◆ **RECORDS PROVIDED**:
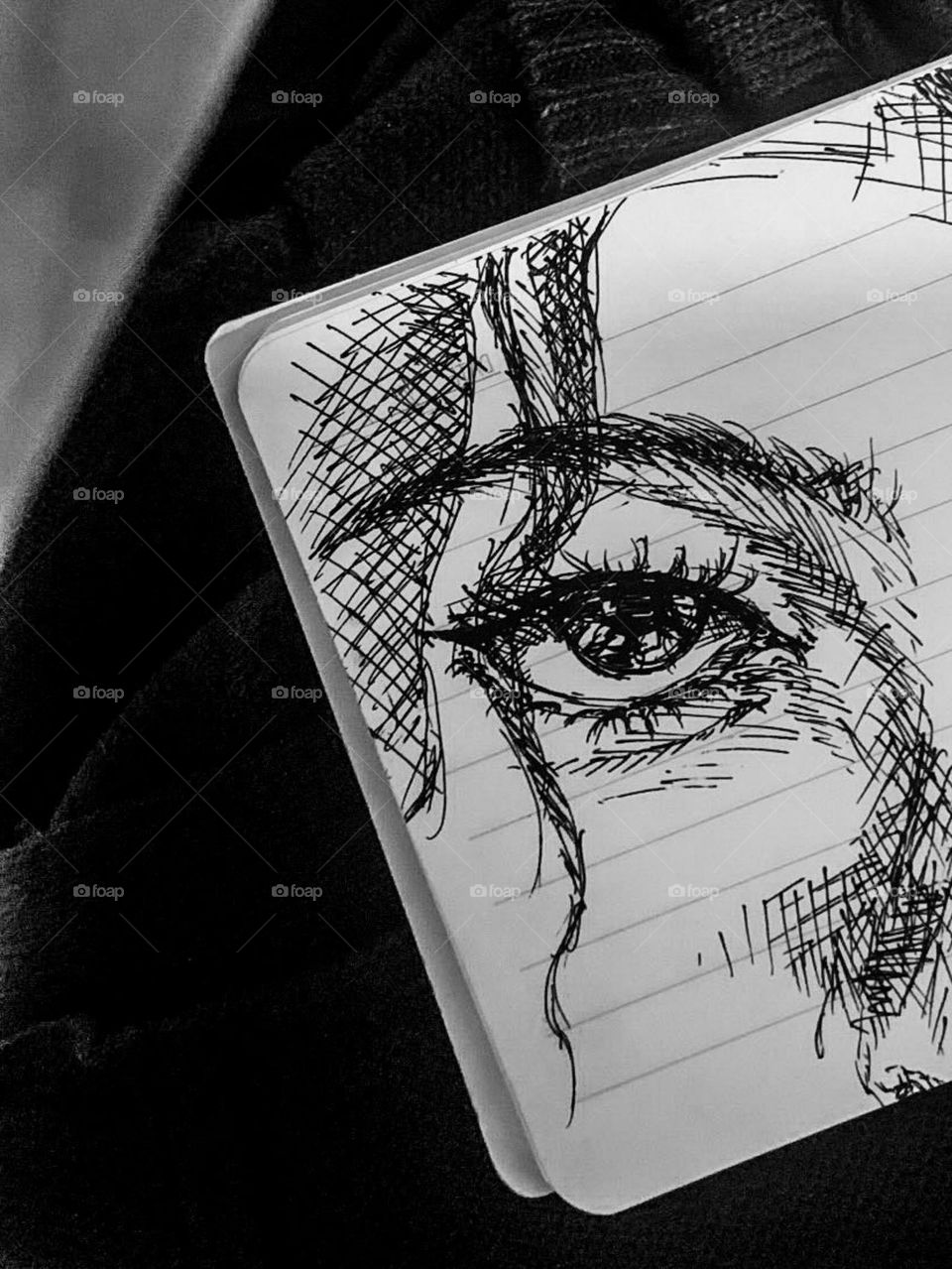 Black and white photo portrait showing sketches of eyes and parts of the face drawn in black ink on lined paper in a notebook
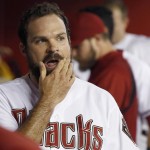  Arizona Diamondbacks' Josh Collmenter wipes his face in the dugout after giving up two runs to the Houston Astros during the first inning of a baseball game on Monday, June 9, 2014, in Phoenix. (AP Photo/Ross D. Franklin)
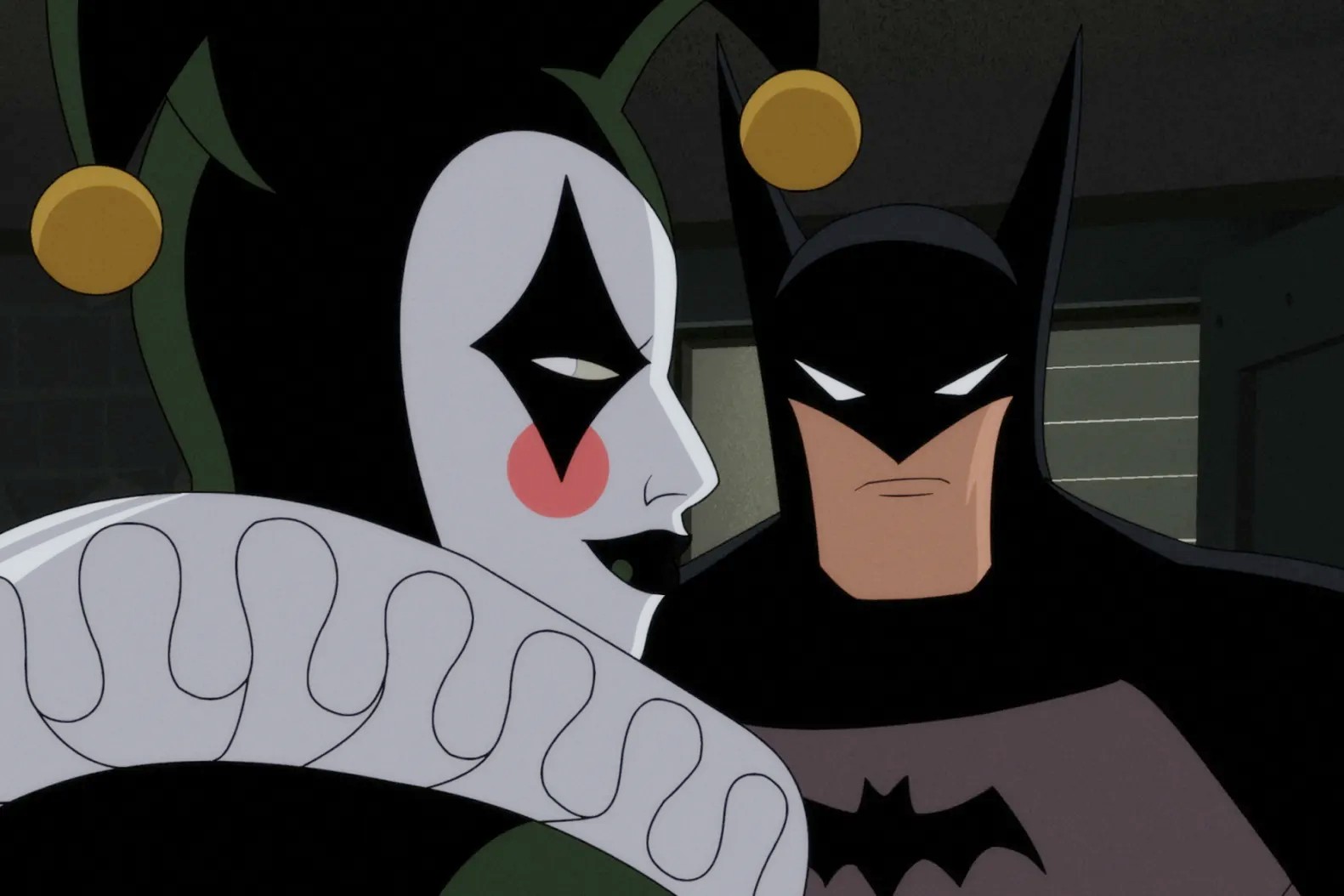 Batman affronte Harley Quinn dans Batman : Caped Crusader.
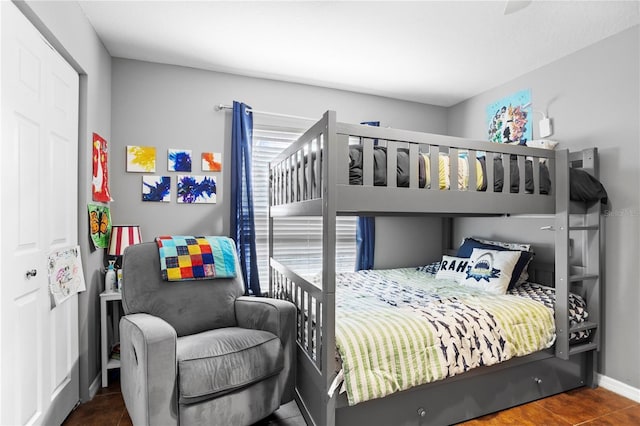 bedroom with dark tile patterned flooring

==

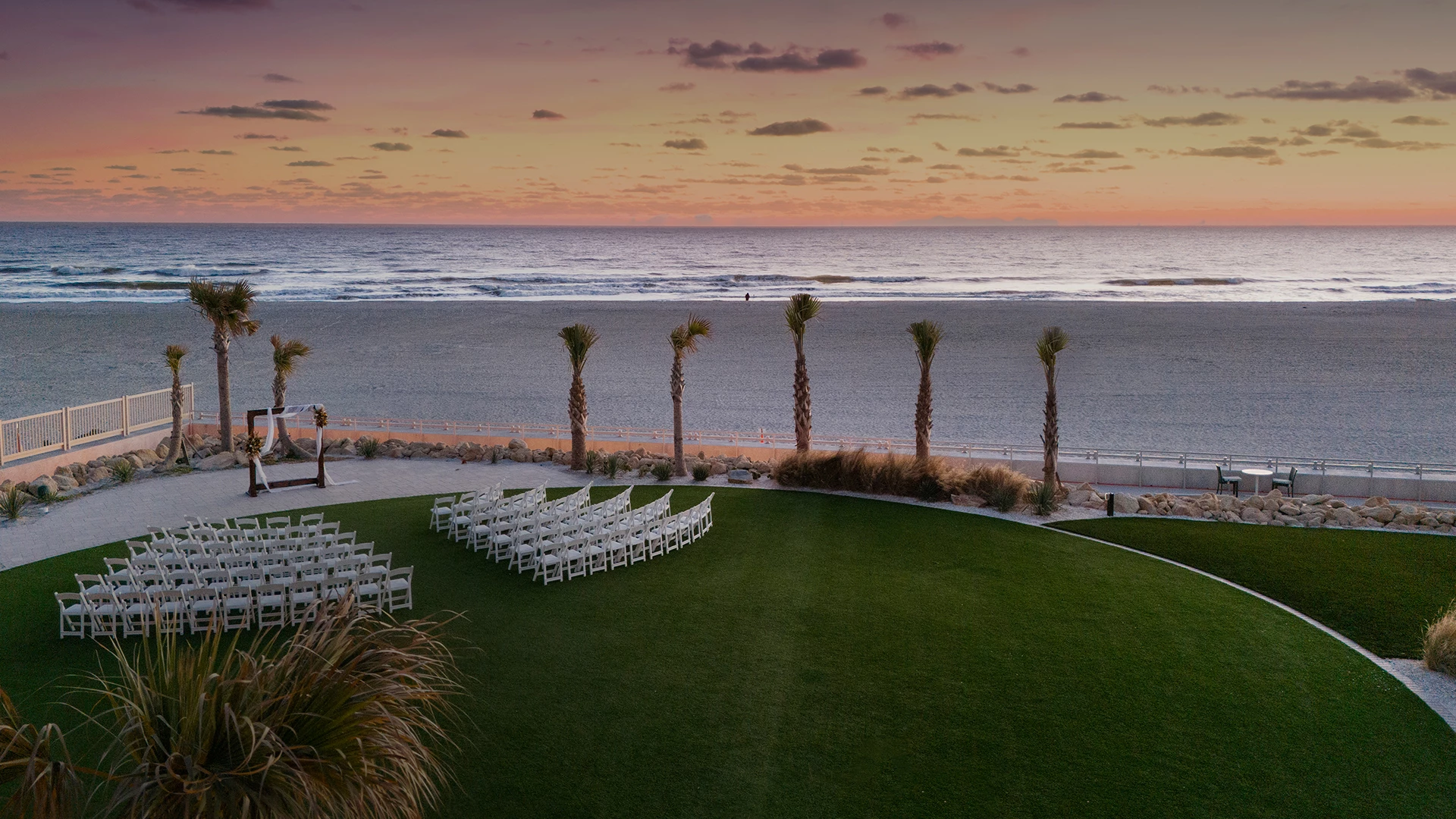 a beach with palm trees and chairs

--

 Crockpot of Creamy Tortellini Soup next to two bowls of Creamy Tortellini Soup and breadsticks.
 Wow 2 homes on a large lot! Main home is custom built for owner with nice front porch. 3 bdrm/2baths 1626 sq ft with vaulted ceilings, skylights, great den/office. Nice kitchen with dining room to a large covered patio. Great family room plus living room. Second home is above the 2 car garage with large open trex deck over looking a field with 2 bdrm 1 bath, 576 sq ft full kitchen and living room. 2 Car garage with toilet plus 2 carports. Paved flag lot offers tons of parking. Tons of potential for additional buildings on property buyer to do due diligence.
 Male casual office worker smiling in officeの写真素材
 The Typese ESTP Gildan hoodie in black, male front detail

◆ **YOUR ASSIGNMENT**:
Going down the listing above, begin printing at the line with "Male casual office" and finish with the line with "The Typese ESTP", exactly as they appear.

◆ **ANSWER TO THE PROBLEM**:
 Male casual office worker smiling in officeの写真素材
 The Typese ESTP Gildan hoodie in black, male front detail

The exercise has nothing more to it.